Supporters chanted “Girls, we’re with you!” and “Victory!” as the women, each handcuffed by the wrist to a female officer, were escorted from a police van into the courthouse.

The group’s members have consistently maintained that their protest was political and that they meant no harm to Christians.

“We did not want to offend anybody,” Tolokonnikova said from the same metal and clear-plastic courtroom cage where Khodorkovsky sat with his business partner during their trial.

“Our motives were exclusively political.”

Observers say the women look thinner and paler than they did when they were jailed in late February following a staged hunger strike in protest to the court limiting their time to study the prosecution’s case ahead of their trial.

“I have studied only two volumes out of the seven. What I have studied proves there is no case against me. I need more time to study the materials, because my life depends on it,” announced Tolokonnikova.

“I declare a hunger strike, because this is unlawful.”

“She looks like she has been on a long hunger strike,” Stanislav Samutsevich said of his daughter. “I think this is like an inquisition, like mockery.”

Samutsevich addressed the court in a statement and said their case marked “the start of a campaign of authoritarian, repressive measures aimed to…spread fear among political active citizens.”

One trial witness, Lyubov Sokologorskaya, who works at the cathedral and describes herself as a “profound believer,” insists only clerics are allowed on the church altar, and the defendants offended the faithful by exposing their shoulders, wearing short skirts and engaging in “aggressive” dance moves.

Pussy Riot sees themselves as an outlet for marginalized citizens disillusioned with Putin’s twelve years of dominance in the political arena.

In this way, the collective resembles Occupy Wall Street and the “Mexican Spring” movement Yo Soy 132, both groups that represent citizens unsatisfied with the ruling hegemony, and looking to radically change the way government and monopolistic corporations operate.
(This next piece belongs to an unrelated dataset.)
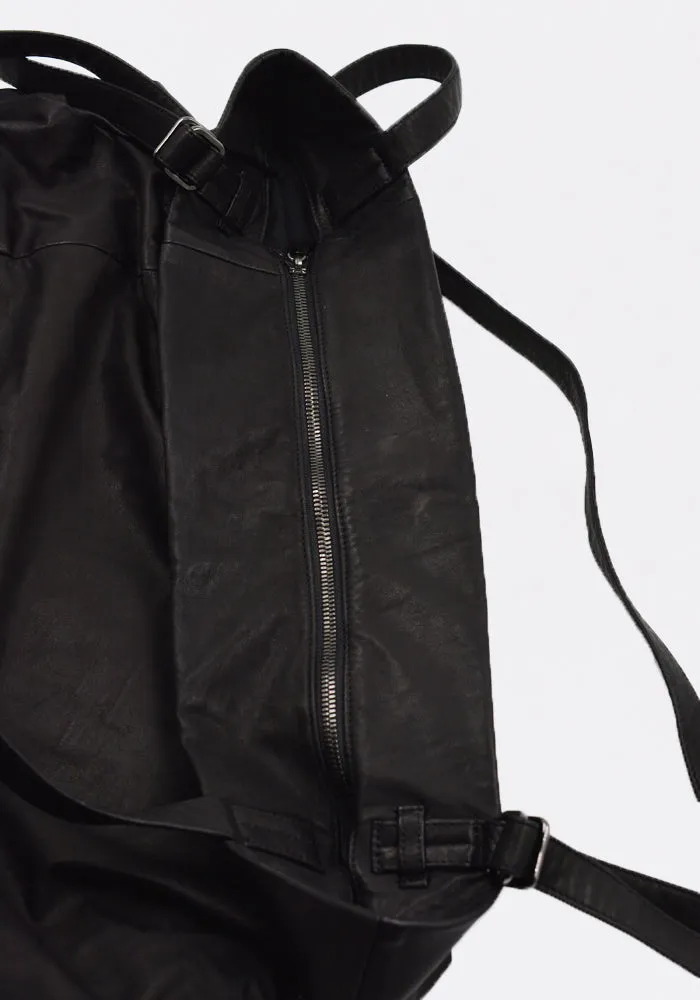 YOHJI YAMAMOTO DISCORD DA-I72-798 UNEVENNISS LEATHER TOTE BAG BLACK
Few Russians actually believe the country’s courts are independent, and Prime Minister Medvedev acknowledged during his 2008–12 presidency that they were subject to political pressure.

Their philosophy is one shared by many in Russia, and at its pinnacle, the anti-establishment movement saw 100,000 people turn out for rallies in Moscow, some of the largest protests since the Soviet Union’s demise.
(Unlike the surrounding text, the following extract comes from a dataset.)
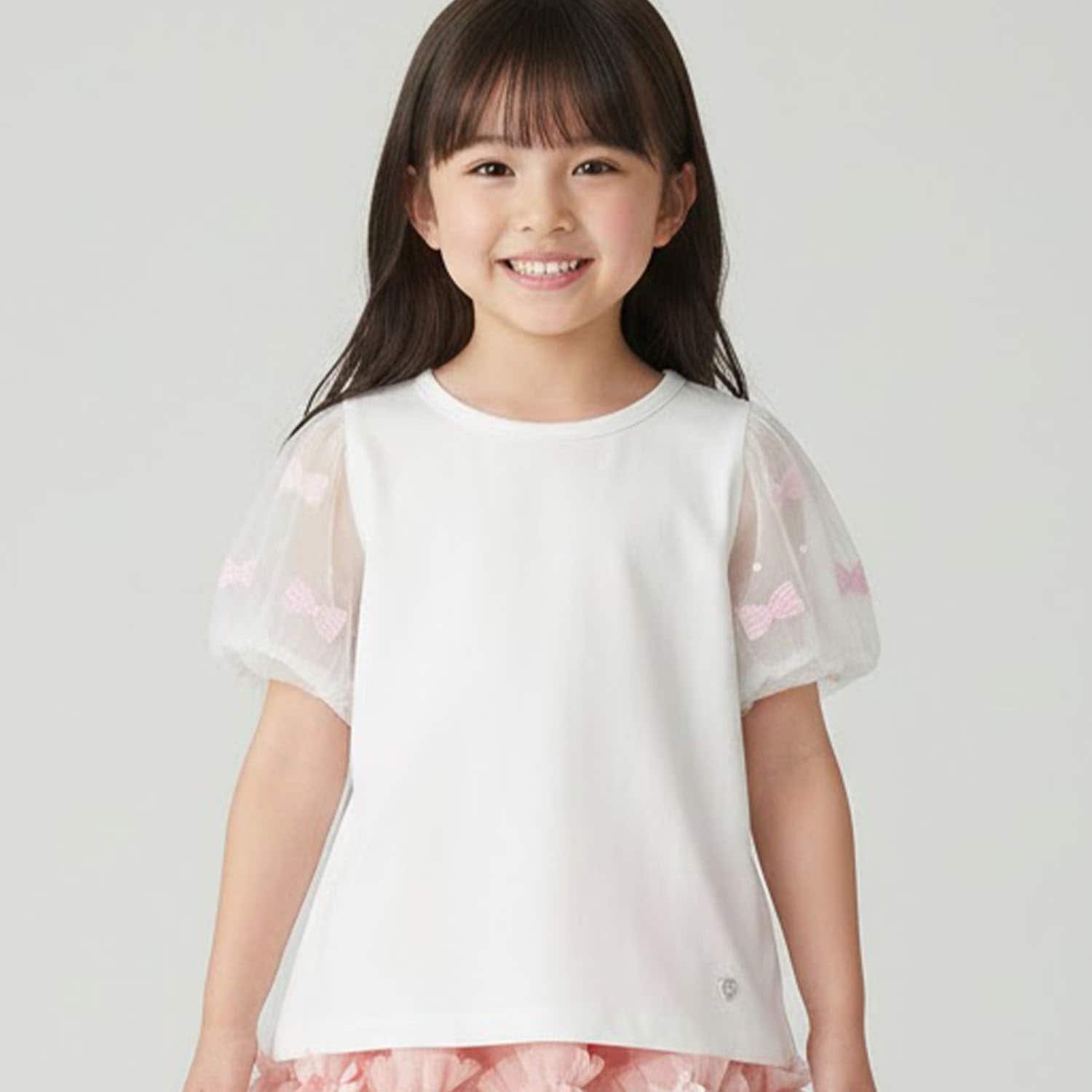 袖チュール半袖Tシャツ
Amnesty International said the activists “must be released immediately” and that the prison terms they face if convicted are “wildly out of all proportion.”

“They dared to attack the two pillars of the modern Russian establishment—the Kremlin and the Orthodox Church,” regional program director John Dalhuisen said in a statement.

While the outcome of the trial is unclear, the ultimate fate of Pussy Riot is not. Activists wear masks during performances, allowing for amorphous membership.

“[The mask] means that really everybody can be Pussy Riot.… we just show people what the people can do,” said a member calling herself Sparrow when speaking to the Guardian.

Furthermore, the women’s incarceration has served only to send the Pussy Riot message global, with solidarity demonstrations cropping up everywhere from the Eiffel Tower to the United States to outside the Russian embassy in Tel Aviv.

Freepussyriot.org, a website started as a forum to support the women, now has coordinators in at least six countries and receives submissions from Prague, Dresden, Mexico City, San Francisco and Helsinki. Mother Jones reports a formal Pussy Riot exhibition launched at Palais de Tokyo, a contemporary art museum in Paris.

Permanent Wave, an American feminist art network, has been throwing benefit shows for Pussy Riot’s legal defense fund in Brooklyn, and in one night raised $1,268 for the trio.

“Crackdown on individual freedom of expression is of incredible concern,” Amy Klein, a punk musician, writer, and founder of Permanent Wave said to Mother Jones before the collective’s second Pussy Riot event. “The arts have always served the purpose of shining a light on and critiquing dominant ways of thinking, and if we can’t have that be true all over the world, then it’s sort of—what’s the point in having artists anyway?”